The Recovery School District, however, disputes City Park Academy’s claims, maintaining that the school’s low enrollment is because “there simply wasn’t demand from families to go to that school.”
The Choice Foundation Board of Directors, which oversees the Mid-City charter school, discussed the enrollment problem at its monthly meeting May 21.
Board chairwoman Mary Kay Parker said the school enrolled only eight kindergartners during the first round of OneApp, the district’s centralized enrollment system, because RSD’s database erroneously listed City Park Academy as full and having no seats available.
Parker said the glitch means City Park Academy will need to add 47 kindergartners during the second round of OneApp due May 24 to meet enrollment targets for next school year.

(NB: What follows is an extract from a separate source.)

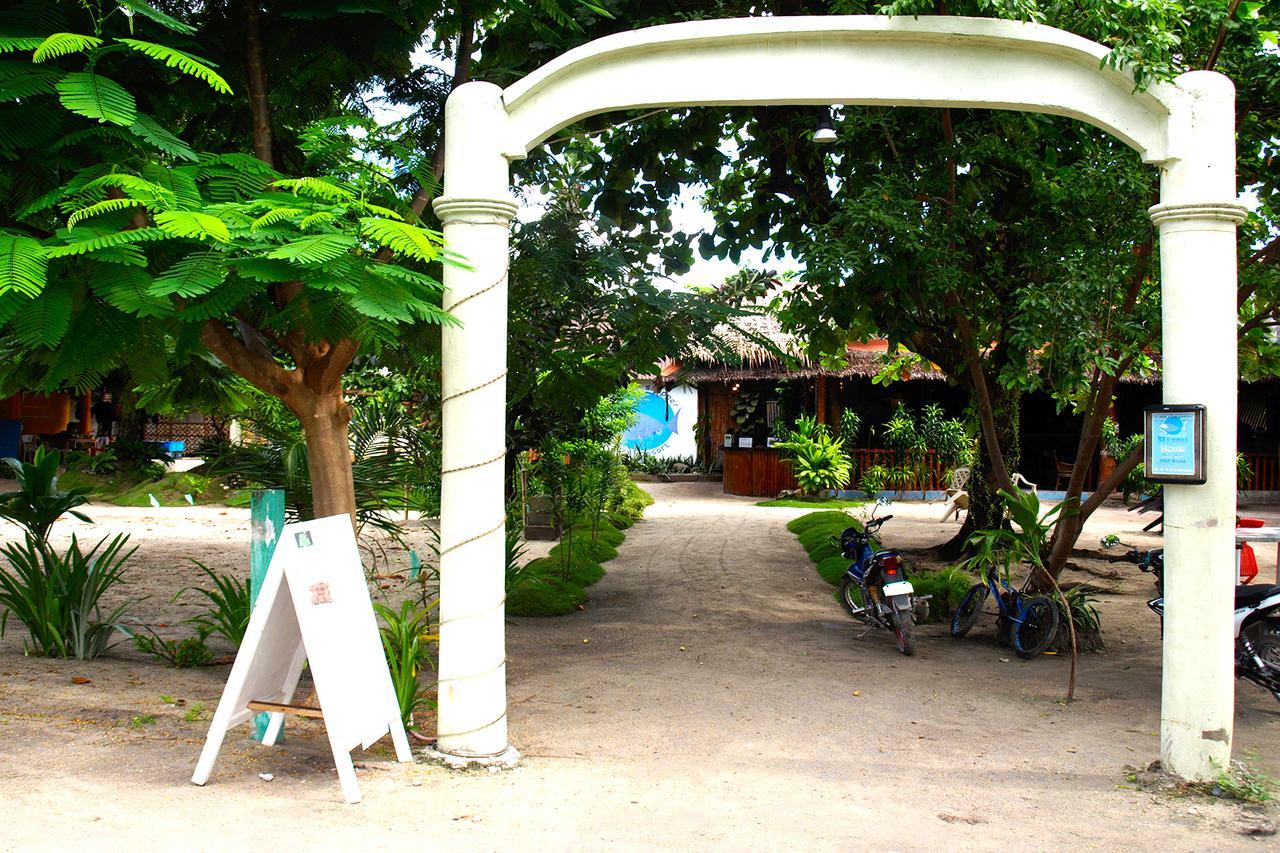 The Shark'S Tail Dive Center Daanbantayan Exterior foto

“It’s a concern, especially because of the budget,” Parker said.
But Gabriela Fighetti, RSD’s director of student enrollment, said there was no defect in the OneApp process for City Park Academy.
“We sought to fill all the seats they wanted filled for kindergarten.,” she said. “City Park just didn’t have the demand, and that’s why they received fewer matches than anticipated. I’m sure it’s disappointing for any school, but there’s been no error with McDonogh City Park.”
Fighetti said she plans to reach out to school leaders at City Park Academy to resolve the issue and make sure the school understands the OneApp enrollment process.
Parker told board members she plans to ask RSD for a list of all kindergarten students who requested City Park Academy during the first round of enrollment.
In other business, board member Emily Waterfield, who chairs the academic committee, reported a notable increase in state LEAP and iLEAP test scores over last year.
Every grade level showed marked improvement in all testing subjects, with most grades recording double-digit growth as compared to last year.
Overall, the school raised English Language Arts scores by 6.6 percent, math by 13 percent, science by 16 percent and social studies by 12 percent.
Waterfield said the scores will bring the school out of failing status. She predicts that the school’s 2013 state-issued performance score will be a minimum of 61, a “solid D” under the state’s new grading system, she said. The school is currently rated an F.
“And that’s the worst-case scenario,” Waterfield said. “It could be higher. But either way it’s a great improvement.”
Board members credited Principal Christine Mitchell and Assistant Principal Sheila Herbert for the gains.
“There’s a lot to be proud of,” Waterfield said.
Mitchell and Herbert also received praise from City Park Academy parent Anika Watson, who attended the meeting with her children to thank the school leaders for the learning environment they’ve created at the school.
Watson, who shared her experience in the New Orleans public school system with The Lens in March, said she had been battling school administrations for the past few years before choosing City Park Academy this year. Her children have been to a different school every year since the family moved here five years ago, she said.
“Miss Mitchell truly cares about the children, and I knew that the first time I met her at the Superdome,” Watson said. “She’s been a blessing. I’ve been able to focus on our family and our needs and not have to worry about what’s going on while my kids are at school.”